Facebook: 200 “innocentisti” per “Don Lu”

Don Luciano Massaferro

Ci sono i dubbi sulla correttezza dello svolgimento delle indagini, la rabbia contro i giornali che “sbattono in prima pagina la foto di un uomo prima che venga accertata la sua colpevolezza”, e la certezza che si tratti di un incubo che prima o poi finirà “perchè Don Luciano non ha mai fatto nulla di male”: sono questi i sentimenti che popolano i cuori del gruppo “innocentista” di Facebook che, nato appena tre giorni fa, conta circa 200 iscritti.

Tutti desolati, indignati, sgomenti, ma accomunati dalla certezza che il parroco alassino, accusato di violenza sessuale nei confronti di una bimba di 11 anni, sia vittima di un clamoroso errore giudiziario.

E così Carlo Annibale battezza il gruppo “nato in via esclusiva per raggruppare tutti quelli che credono nell’innocenza di Don Luciano, per testimoniare quante persone credono in lui e che vogliono pregare per il Don”. A lui si affianca, tra gli altri Rosanna che non ha dubbi “ma solo la certezza della tua estraneità ai fatti”.

Come è potuto accadere?, si chiedono in molti. E poi c’è chi più concretamente critica il modo in cui sono state condotte le indagini, come Marco secondo cui “non ci sono altri indizi che un racconto, ritenuto vero da una “psicologa” che ha visto la bambina una sola volta ed è corsa alla Polizia”; o come un altro Marco che scrive: “Nel nostro bel paese, prima ti arrestano e dopo col tempo, molto tempo, ti danno la possibilità di difenderti, vieni sbattuto in prima pagina”.

E poi Corrado che definisce la vicenda “un grande errore, ingigantito dal clamore mediatico che l’ha seguito e dall’applicazione di misura cautelare, che, francamente, lascia alquanto perplessi e che personalmente non condivido, richiamando alla mia memoria il triste metodo del periodo di “tangentopoli”.

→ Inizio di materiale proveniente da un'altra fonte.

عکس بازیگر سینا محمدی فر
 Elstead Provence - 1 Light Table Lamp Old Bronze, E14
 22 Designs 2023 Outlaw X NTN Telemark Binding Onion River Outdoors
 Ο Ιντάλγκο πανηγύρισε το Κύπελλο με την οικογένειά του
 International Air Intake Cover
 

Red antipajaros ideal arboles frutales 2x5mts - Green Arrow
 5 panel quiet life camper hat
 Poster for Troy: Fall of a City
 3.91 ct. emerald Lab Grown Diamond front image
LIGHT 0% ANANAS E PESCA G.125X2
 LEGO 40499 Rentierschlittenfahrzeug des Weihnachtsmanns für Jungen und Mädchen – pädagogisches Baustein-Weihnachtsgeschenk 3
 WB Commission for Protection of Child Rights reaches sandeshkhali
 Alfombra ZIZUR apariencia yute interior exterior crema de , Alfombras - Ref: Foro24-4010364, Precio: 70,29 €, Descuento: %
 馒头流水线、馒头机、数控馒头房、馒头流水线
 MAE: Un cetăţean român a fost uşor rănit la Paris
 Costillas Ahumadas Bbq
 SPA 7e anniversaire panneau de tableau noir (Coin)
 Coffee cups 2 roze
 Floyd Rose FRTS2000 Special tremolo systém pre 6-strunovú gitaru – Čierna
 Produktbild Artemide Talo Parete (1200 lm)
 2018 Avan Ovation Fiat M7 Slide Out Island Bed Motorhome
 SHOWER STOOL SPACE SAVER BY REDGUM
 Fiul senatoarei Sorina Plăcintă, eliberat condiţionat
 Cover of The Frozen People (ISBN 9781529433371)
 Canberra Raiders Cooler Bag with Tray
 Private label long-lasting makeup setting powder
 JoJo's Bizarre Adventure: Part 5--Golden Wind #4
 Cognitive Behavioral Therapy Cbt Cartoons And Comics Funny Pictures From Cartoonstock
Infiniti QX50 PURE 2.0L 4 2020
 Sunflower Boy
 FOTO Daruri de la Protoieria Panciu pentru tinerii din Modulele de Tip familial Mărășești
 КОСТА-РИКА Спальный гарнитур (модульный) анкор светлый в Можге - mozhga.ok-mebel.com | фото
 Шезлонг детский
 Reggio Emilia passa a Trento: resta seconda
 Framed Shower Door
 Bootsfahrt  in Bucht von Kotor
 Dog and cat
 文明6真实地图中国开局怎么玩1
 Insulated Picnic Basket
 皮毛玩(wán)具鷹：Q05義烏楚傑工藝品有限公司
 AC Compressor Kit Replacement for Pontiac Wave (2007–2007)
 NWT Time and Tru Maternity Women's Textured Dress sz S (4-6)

E infine i dubbi di molti: “Quale pericolo di inquinamento delle prove? quale possibile reiterazione del reato? quale pericolo di fuga? La Procura con un po’ di buon senso chieda la revoca della custodia cautelare in carcere e lo faccia venire a casa!!”, è l’intervento di Luigi.

 

Federica Pelosi

7 commenti a “Facebook: 200 “innocentisti” per “Don Lu””
Leofinalese ha detto..
il 5 gennaio 2010 alle 13:22

Da quanto ho capito fino ad oggi: un determinato fatto è stato riferito alla Polizia che ha indagato.Sono stati consultati psicologi che evidentemente non hanno chiesto un blocco delle indagini. I fatti sono stati esaminati da tre magistrati tre.
Prima di attaccare la magistratura ci andrei cauto.
Anche io vorrei che si trattasse tutto di un brutto sogno…specialmente per la bambina coinvolta…che potrebbe anche essere mia figlia.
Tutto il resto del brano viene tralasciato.